Of course all it really suggests is that random error is a bigger influence than bias on an individual skull basis, but the thing about random errors is they cancel out when you have lots of them. That’s why it’s called random error. Once the random errors have cancelled out, the remaining difference is the bias.

Lewis’s paper responds to various other claims that Gould never made, such as the suggestion that Morton intentionally used different ratios of males to females to skew his results.
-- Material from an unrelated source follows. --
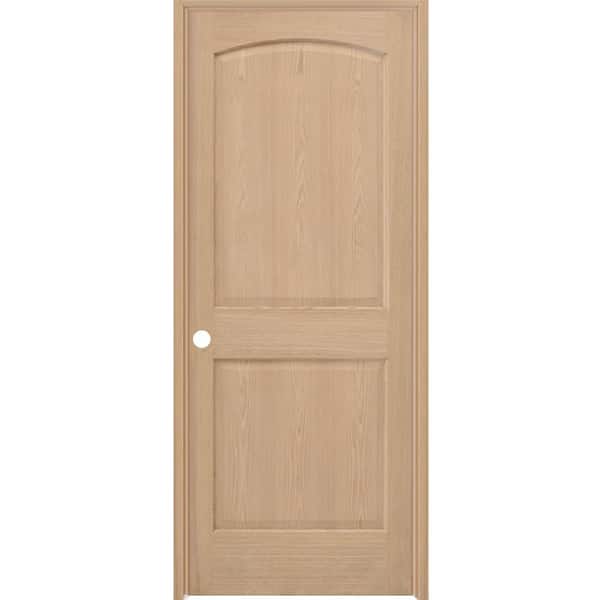 Steves & Sons 24 in. x 80 in. 2-Panel Round Top Right-Hand Unfinished Red Oak Wood Single Prehung Interior Door w/ Bronze Hinges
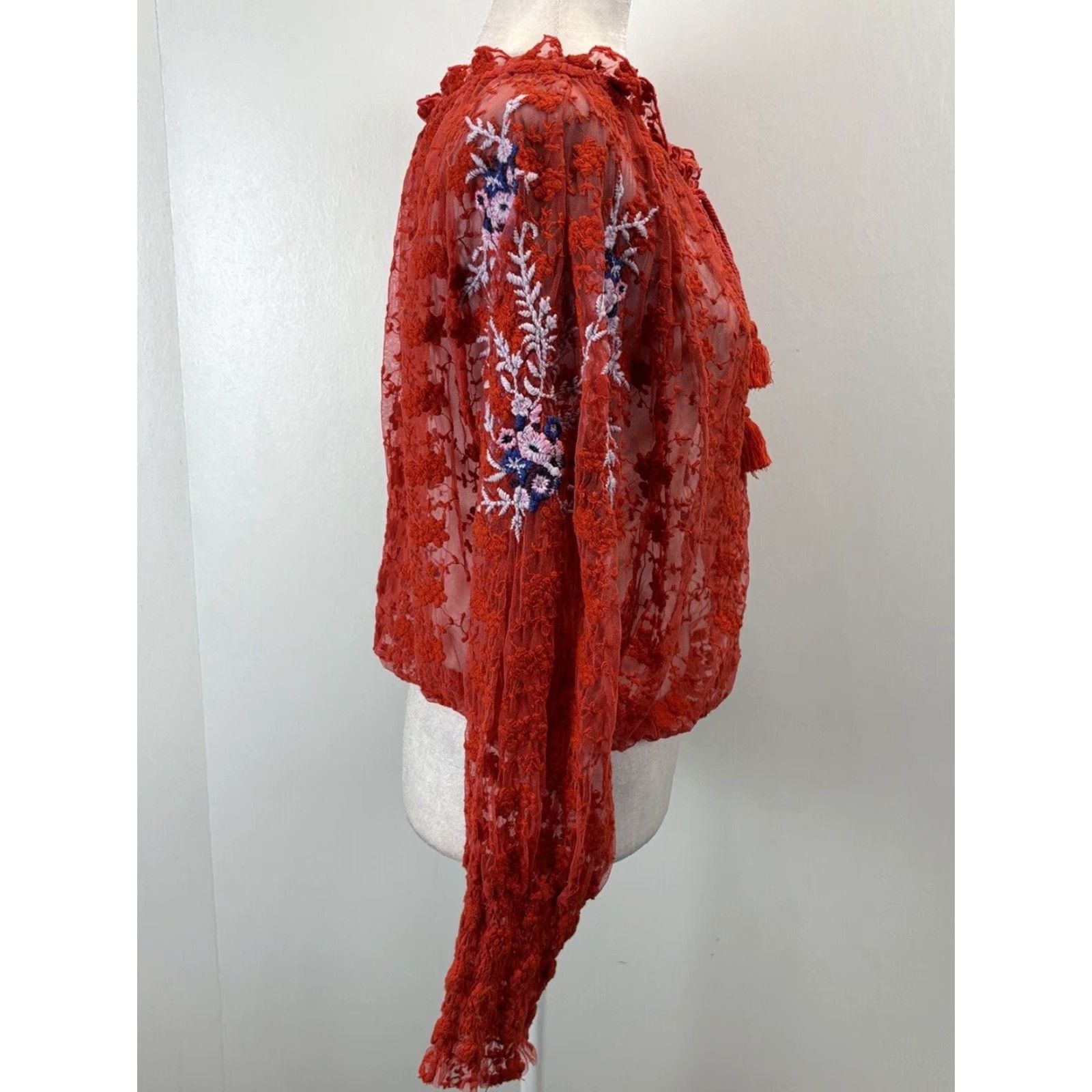 Free People Free People Floral Lace Embroidered Long Sleeve Top Womens Small Red Boho Style Size S / US 4 / IT 40 - 4 Thumbnail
In reality, Gould only claimed that the unequal representation of males and females had the effect of skewing the results, not that Morton some how did this by design.

This is followed with the assertion that as a result of Gould, “Morton is now viewed as a canonical example of scientific misconduct.” A claim that seems odd, given how Gould was concerned only with unconscious bias and went out of his way to emphasise how he didn’t consider Morton to be guilty of any intentional misconduct. Indeed, anyone who comes aware from reading Mismeasure with the impression that Morton was a fraud has not only misunderstood the relevant chapter but has somehow failed to pick up on the book’s core theme.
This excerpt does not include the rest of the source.